## Exercise description
In the records below, find the line that contains "Stephanie Backus/FULTON SUN photo" and the line that contains "A Tulu Madhwa"; write out exactly those two lines and everything between them, without the pictures.

## Exercise input

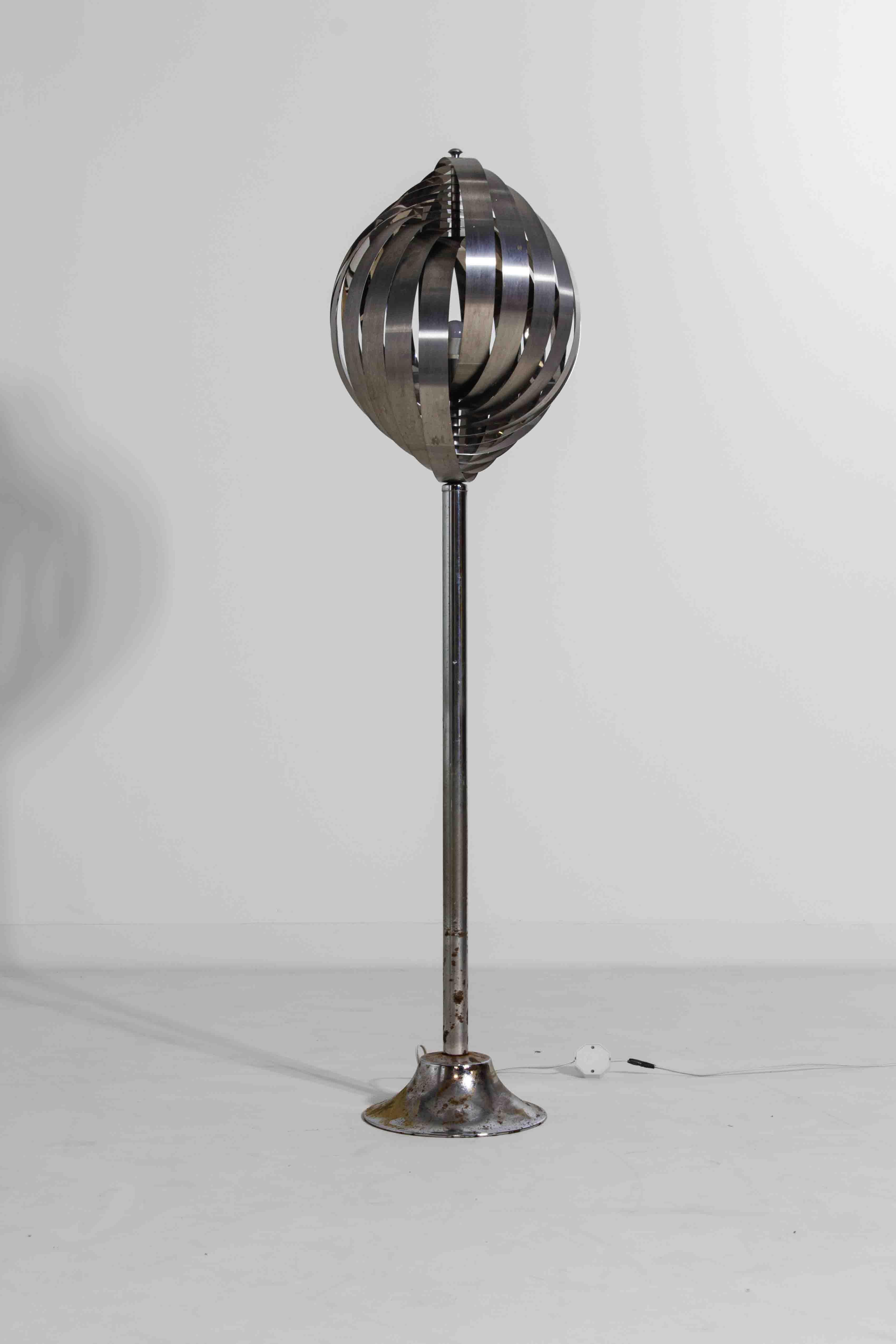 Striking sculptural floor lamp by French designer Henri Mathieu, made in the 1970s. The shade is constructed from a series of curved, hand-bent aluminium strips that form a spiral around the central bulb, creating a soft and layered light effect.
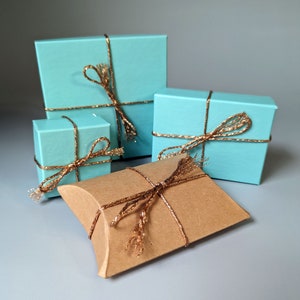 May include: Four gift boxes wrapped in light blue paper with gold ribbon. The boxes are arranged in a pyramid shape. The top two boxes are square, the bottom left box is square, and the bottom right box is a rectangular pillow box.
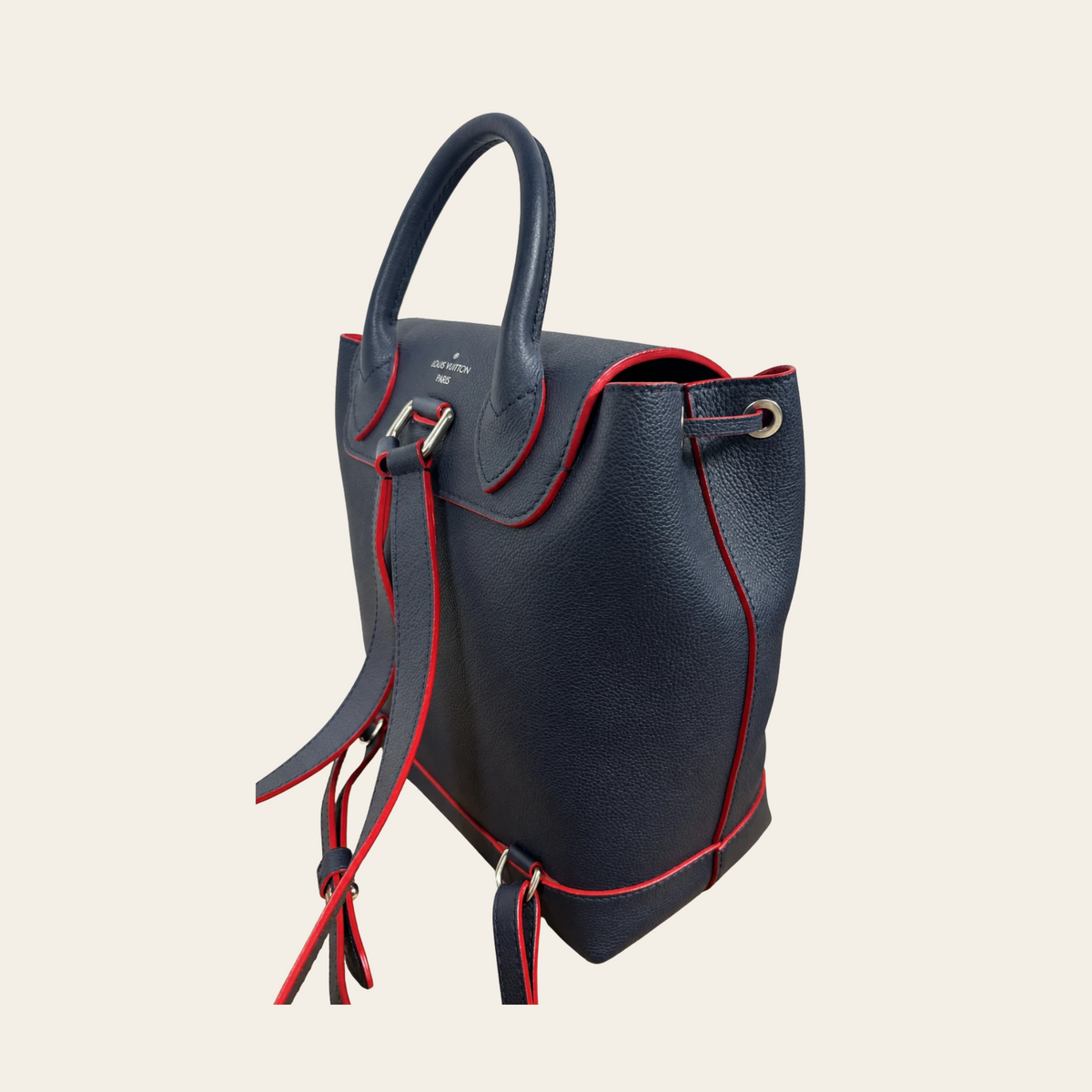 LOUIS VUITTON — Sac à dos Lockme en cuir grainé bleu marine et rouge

---

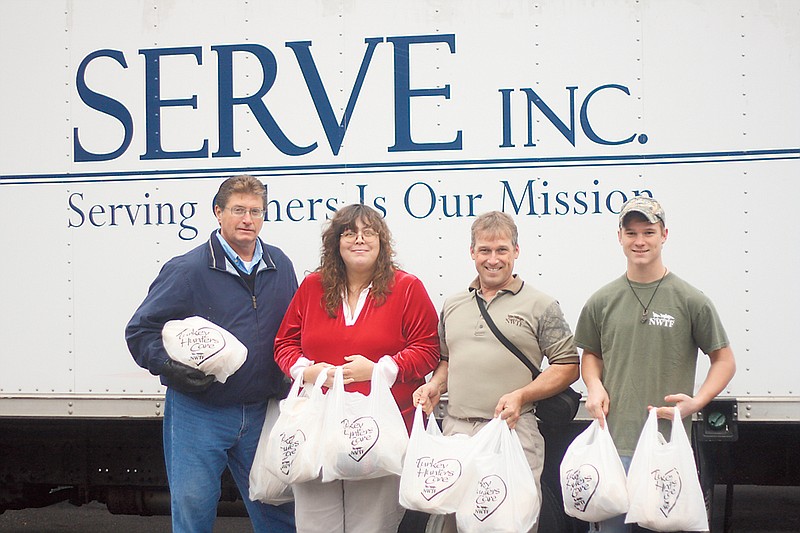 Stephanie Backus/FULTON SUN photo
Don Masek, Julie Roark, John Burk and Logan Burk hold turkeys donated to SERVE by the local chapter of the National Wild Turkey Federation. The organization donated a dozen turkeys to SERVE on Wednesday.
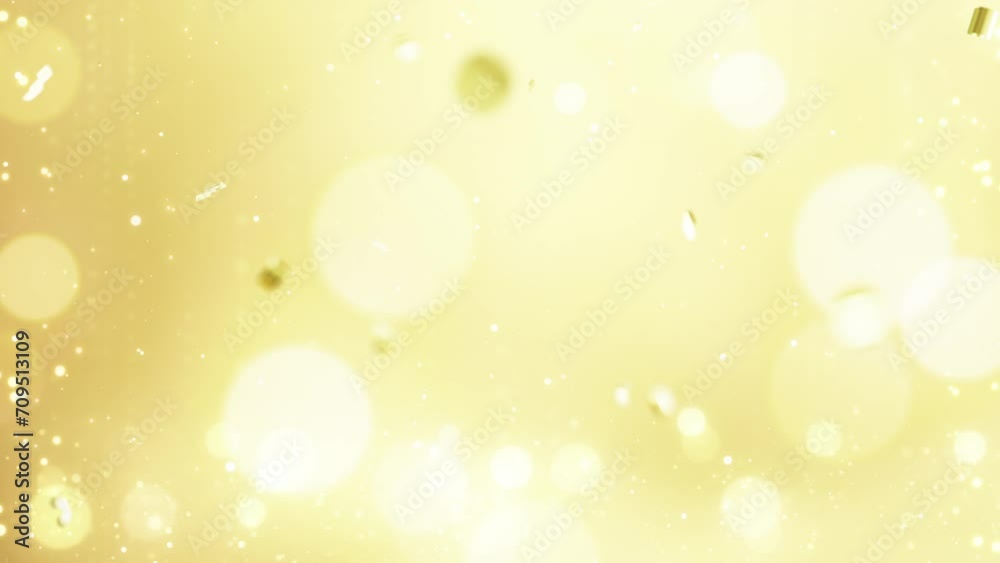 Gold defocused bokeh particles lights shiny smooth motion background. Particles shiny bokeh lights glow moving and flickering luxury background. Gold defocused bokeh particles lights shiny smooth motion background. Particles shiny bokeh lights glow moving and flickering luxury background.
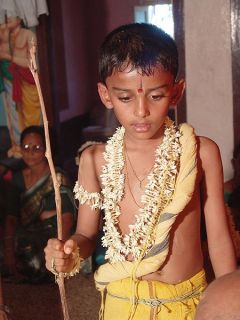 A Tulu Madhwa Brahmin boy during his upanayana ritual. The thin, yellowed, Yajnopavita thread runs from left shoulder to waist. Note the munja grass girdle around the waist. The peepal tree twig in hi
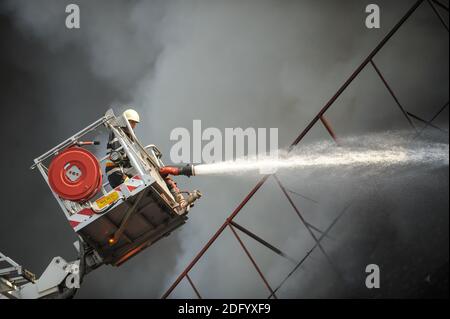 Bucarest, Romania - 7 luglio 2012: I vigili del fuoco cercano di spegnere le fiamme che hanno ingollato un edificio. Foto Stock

## Solution to this problem
 Stephanie Backus/FULTON SUN photo
Don Masek, Julie Roark, John Burk and Logan Burk hold turkeys donated to SERVE by the local chapter of the National Wild Turkey Federation. The organization donated a dozen turkeys to SERVE on Wednesday.
 Gold defocused bokeh particles lights shiny smooth motion background. Particles shiny bokeh lights glow moving and flickering luxury background. Gold defocused bokeh particles lights shiny smooth motion background. Particles shiny bokeh lights glow moving and flickering luxury background.
 A Tulu Madhwa Brahmin boy during his upanayana ritual. The thin, yellowed, Yajnopavita thread runs from left shoulder to waist. Note the munja grass girdle around the waist. The peepal tree twig in hi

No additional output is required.